What is hair fiber made of?

The primary component of hair fiber is keratin, a type of protein, which consists of long chains (polymers) of amino acids. The keratin in hair is organized into a rope-like structure known as intermediate filaments. These structures form a complex called the hair shaft, which is the visible part of the hair.

Keratin proteins form the cytoskeleton (miniature skeleton within a cell) of all epidermal cells. Keratin filaments run within a cell from the inside of the outer membrane to weave a “basket” around the nucleus of the cell. Keratins are a principal part of the cells in the epidermis, hair, nails, feathers, hooves, horny tissues, and the enamel of teeth. Keratin accounts for 30% of the cellular protein of living epidermal cells and 85% of cellular protein of the dead cells in the stratum corneum (the scaly, dead or horny layer of the outer skin).

The hair shaft for terminal scalp hairs consists of three layers with keratin incorporated into each of the medulla (in the very center of the hair fiber), cortex (the bulk of the fiber) and cuticle (the outer protective layer of the hair fiber). In hair, keratin proteins comprise 65-95% of the total fiber by weight. Each molecule of keratin is very small – about 10 nanometers across. To give you a sense of how small that is, 10,000 keratin molecules lined up side by side would cover the width of the average terminal scalp hair.

There are several subtypes of keratin proteins, some are called “soft” keratins and others are “hard” keratins. Basically, soft keratins are found in the skin and are relatively easy to break down whereas hard keratins are very resistant to degradation. Hard keratins do not dissolve in water and they are highly resistant to proteolytic enzymes. As you might have guessed, hair fiber is mostly made from hard keratin proteins.

Hair contains a high amount of sulfur (sulphur) because the amino acid cysteine is a key component of the keratin proteins in hair fiber. The sulfur in cysteine molecules in adjacent keratin proteins link together in disulfide chemical bonds. These disulfide bonds are very strong and very difficult to break apart. These disulfide chemical bonds linking the keratins together are the key factor in the durability and resistance of hair fiber to degradation under environmental stress.

Disulfide bonds are largely resistant to the action of acids, but they can be broken apart by alkali solutions. This property is exploited in perms and chemical hair straightening processes. Alkali is used to break the disulfide bonds in the keratins and make the hair weak. The hair is formed into a new shape and then acid is applied to neutralize the alkali and enable the disulfide bonds to reform. The reformed disulfide bonds hold the hair in its new shape. This process isn’t perfect however, and the hair is never quite as strong as the original. Exposure to high temperatures (like those from flat irons or hair dryers) or permanent hair dyes can also damage the keratin structure in the hair, leading to weakened, brittle hair and split ends.

In addition to sulfur from cysteine, other trace elements like zinc, copper, and selenium also play important roles in the structural stability of the hair shaft. Deficiency of these elements could potentially affect hair health and growth. Eating keratin does not aid hair growth, as these keratins are hard for the body to breakdown and absorb. Hard keratins, in particular, simply pass straight through the gut undigested. Rather, a well-balanced diet rich in protein, vitamins, and minerals contributes to overall hair health. Nutrients like biotin, vitamin E, and omega-3 fatty acids, for example, have been associated with improving hair quality. Hair follicle cells will take nutrients supplied via the blood vessels and form the keratin they require.

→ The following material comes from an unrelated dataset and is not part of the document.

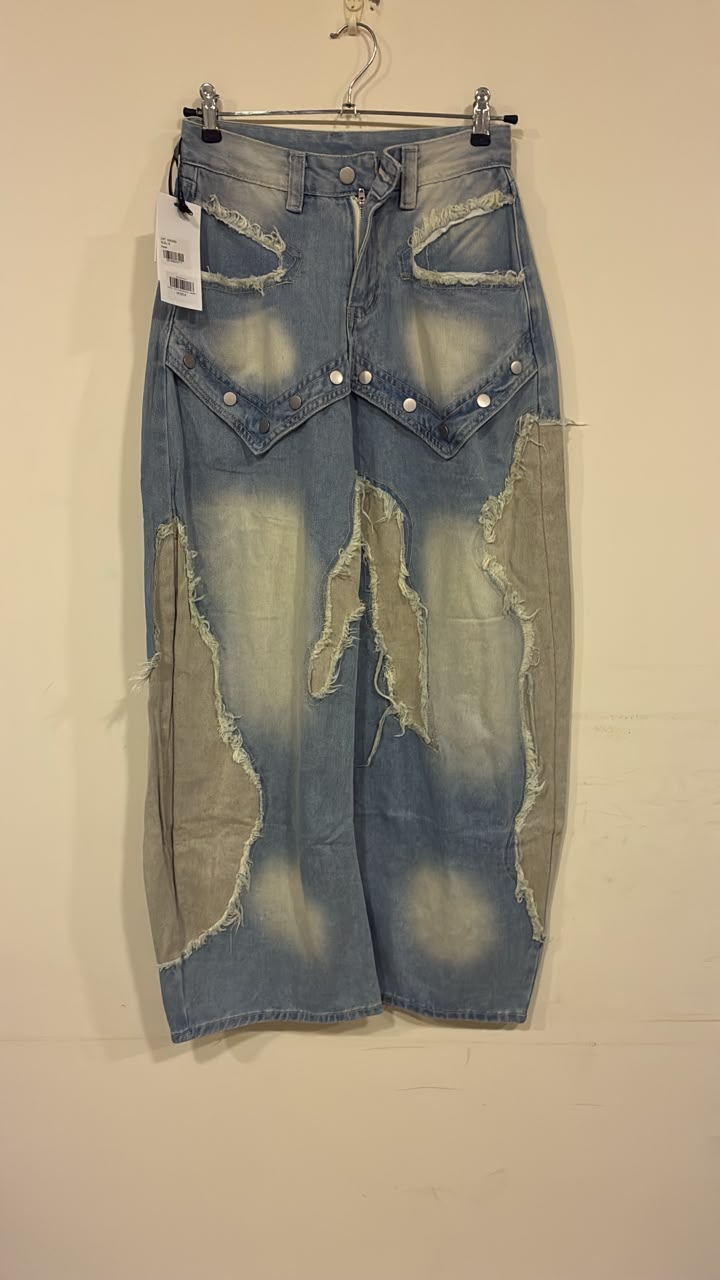IT26-JUN-SH5200 Jeans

There are numerous hair products on the market that contain keratin, with claims that they strengthen hair or stimulate hair growth. However, it’s important to understand that hair follicles naturally produce all the keratin they need from amino acids delivered via the bloodstream. While the application of topical keratin products directly to hair might not have enduring effects due to the temporary nature of the treatment and the fact that much of the applied keratin is removed during shampooing, there are some procedures that utilize keratin for more pronounced temporary results.

A common example is the keratin treatment, also known as a Brazilian keratin treatment or keratin smoothing treatment. These popular salon procedures aim to fill the porosity of hair, thereby reducing frizz and providing a smoother appearance. Despite the noticeable temporary improvement effects, these procedures come with potential drawbacks, such as exposure to formaldehyde, a common ingredient in the process. So, while keratin-infused products and treatments can offer temporary aesthetic enhancements, their effects are often short-lived due to the nature of the hair growth cycle and regular washing routines.